What Does NxGen MDx Screen For?
We screen for up to 120 genetic disorders that can affect your pregnancy, the health of your baby, and your family's future. You can learn more about our various screens — and which sets of screens (or "panels") align with where you are in your reproductive journey.
Cystic Fibrosis & CFTR-Related Disorders
What Your Test Results Mean:
Carriers are not expected to show symptoms. You and your partner or donor would both have to be carriers of cystic fibrosis or a CFTR-related disorder for there to be an increased chance to have a child with symptoms; this is known as autosomal recessive inheritance. Carrier testing of your partner or donor is recommended in addition to consultation with a genetic counselor for a more detailed risk assessment.
Since this is an inherited gene change, this information may be helpful to share with family members as it may impact their family planning.
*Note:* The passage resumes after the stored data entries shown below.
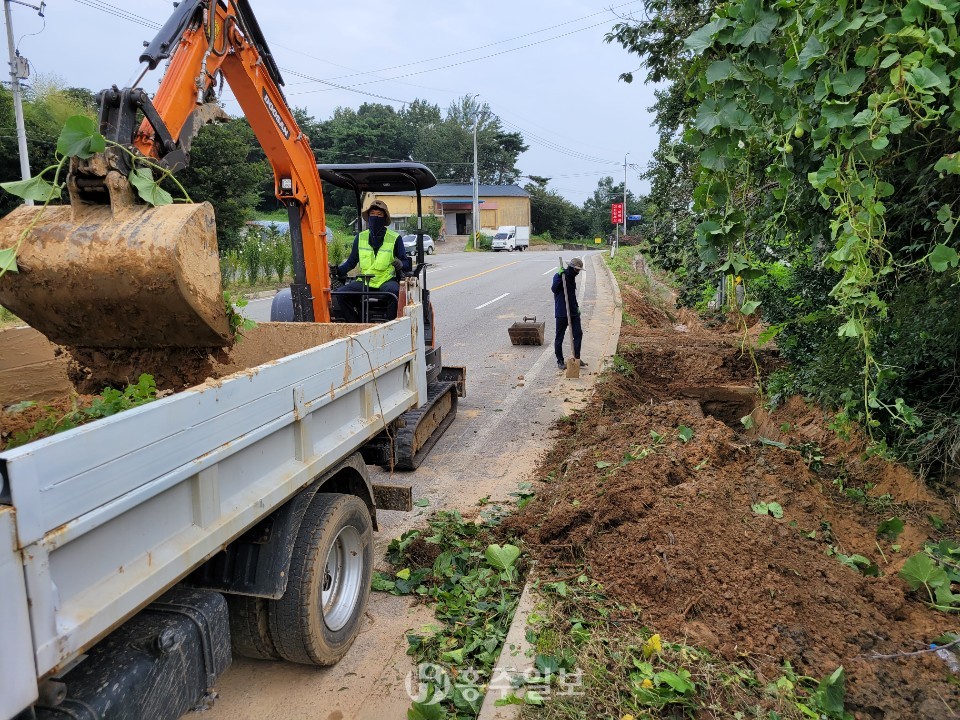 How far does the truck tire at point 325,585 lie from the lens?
10.5 ft

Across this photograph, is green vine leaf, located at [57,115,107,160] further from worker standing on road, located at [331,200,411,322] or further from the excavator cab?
worker standing on road, located at [331,200,411,322]

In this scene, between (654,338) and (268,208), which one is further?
(268,208)

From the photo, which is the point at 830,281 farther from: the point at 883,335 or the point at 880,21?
the point at 880,21

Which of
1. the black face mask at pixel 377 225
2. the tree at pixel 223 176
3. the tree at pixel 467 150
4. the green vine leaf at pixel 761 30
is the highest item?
the tree at pixel 467 150

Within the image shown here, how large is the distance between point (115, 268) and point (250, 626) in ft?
5.67

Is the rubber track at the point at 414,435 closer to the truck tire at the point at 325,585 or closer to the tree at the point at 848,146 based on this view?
the truck tire at the point at 325,585

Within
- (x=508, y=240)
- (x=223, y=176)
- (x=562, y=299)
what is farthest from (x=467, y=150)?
(x=562, y=299)

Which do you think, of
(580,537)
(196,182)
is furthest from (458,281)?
(580,537)

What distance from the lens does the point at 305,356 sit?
3.32 meters

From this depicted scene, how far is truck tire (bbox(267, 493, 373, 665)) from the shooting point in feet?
10.5

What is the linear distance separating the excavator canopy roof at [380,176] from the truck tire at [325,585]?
3.95m

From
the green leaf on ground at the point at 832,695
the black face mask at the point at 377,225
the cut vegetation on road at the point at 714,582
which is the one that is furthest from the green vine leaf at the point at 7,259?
the black face mask at the point at 377,225

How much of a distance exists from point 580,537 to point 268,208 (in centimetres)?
6007

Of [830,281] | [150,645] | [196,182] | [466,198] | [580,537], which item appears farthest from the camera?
[466,198] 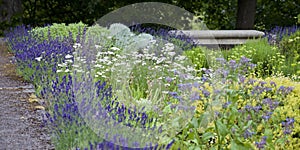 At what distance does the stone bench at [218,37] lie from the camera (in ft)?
29.1

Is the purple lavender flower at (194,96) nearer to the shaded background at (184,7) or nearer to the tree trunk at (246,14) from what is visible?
the shaded background at (184,7)

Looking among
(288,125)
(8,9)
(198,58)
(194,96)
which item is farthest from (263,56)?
(8,9)

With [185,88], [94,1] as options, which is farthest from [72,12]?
[185,88]

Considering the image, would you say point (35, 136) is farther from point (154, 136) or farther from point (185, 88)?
point (185, 88)

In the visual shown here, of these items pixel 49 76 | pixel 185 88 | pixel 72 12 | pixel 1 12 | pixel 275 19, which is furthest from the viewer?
pixel 275 19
Cystic fibrosis is an inherited condition that primarily affects the pulmonary and digestive systems. Most individuals with cystic fibrosis are diagnosed in childhood. Individuals with cystic fibrosis are unable to properly regulate epithelial chloride and sodium channels, leading to a buildup of mucus. This buildup of mucus increases the risk for lung infections and digestive problems. Additional signs and symptoms can include diarrhea, malnutrition, and poor growth. Men with cystic fibrosis are usually infertile because many do not have the vas deferens, an important organ responsible for transporting sperm. These men may be able to have children using assisted reproductive methods.
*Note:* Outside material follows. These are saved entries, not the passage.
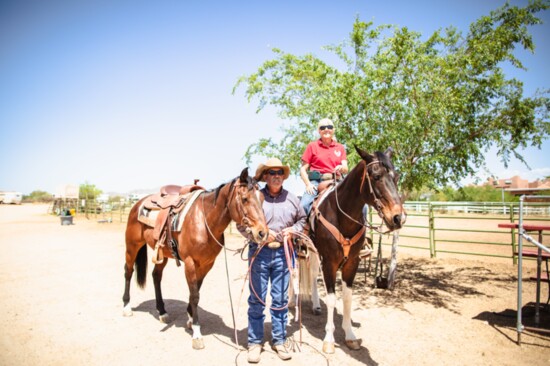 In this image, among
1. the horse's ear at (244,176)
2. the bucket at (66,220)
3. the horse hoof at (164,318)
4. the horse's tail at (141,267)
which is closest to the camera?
the horse's ear at (244,176)

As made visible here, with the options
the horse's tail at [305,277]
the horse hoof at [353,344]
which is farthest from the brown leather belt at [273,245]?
the horse hoof at [353,344]

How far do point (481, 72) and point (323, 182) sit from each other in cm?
406

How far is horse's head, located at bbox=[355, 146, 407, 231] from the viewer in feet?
10.6

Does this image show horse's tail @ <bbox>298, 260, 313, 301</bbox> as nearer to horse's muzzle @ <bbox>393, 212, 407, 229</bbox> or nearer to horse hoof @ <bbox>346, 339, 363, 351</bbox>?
horse hoof @ <bbox>346, 339, 363, 351</bbox>

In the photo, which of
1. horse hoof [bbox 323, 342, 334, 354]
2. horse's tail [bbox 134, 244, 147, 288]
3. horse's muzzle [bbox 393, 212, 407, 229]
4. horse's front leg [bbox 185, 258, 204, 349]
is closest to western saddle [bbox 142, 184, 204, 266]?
horse's front leg [bbox 185, 258, 204, 349]

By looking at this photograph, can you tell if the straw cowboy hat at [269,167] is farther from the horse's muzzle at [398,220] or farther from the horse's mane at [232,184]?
the horse's muzzle at [398,220]

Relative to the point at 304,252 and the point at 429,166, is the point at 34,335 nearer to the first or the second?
the point at 304,252

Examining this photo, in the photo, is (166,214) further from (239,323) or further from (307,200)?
(307,200)

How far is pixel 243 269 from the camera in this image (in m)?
9.01

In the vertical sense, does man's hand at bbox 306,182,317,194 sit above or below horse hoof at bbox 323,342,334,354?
above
Some changes in the CFTR gene do not cause cystic fibrosis but instead cause a CFTR-related disorder. Examples of CFTR-related disorders include an increased risk for pancreatitis, an increased risk for pulmonary or lung problems, and an increased risk for a condition that causes male infertility known as congenital absence of the vas deferens.
Prognosis for cystic fibrosis is considered fair. While advances in research and treatment have greatly improved survival and quality of life, affected individuals still require lifelong medical care. The average expected lifespan for adults is approximately 35 years old. The prognosis for individuals with CFTR-related disorders can vary, as symptoms can be mild.
Treatment for cystic fibrosis involves long-term disease management that aims to prevent pulmonary complications and promote weight gain. Many individuals are pancreatic insufficient and therefore require oral pancreatic enzyme replacement. Some individuals may benefit from a lung transplant. Various medications have been introduced in recent years that treat the underlying issues in individuals with cystic fibrosis (ex. Kalydeco®, TrikaftaTM, Orkambi®). Individuals taking these medications have shown improvement and/or stabilization in lung function. Treatment for individuals with CFTR-related disorders can vary, as individuals may only have congenital absence of the vas deferens or pancreatitis.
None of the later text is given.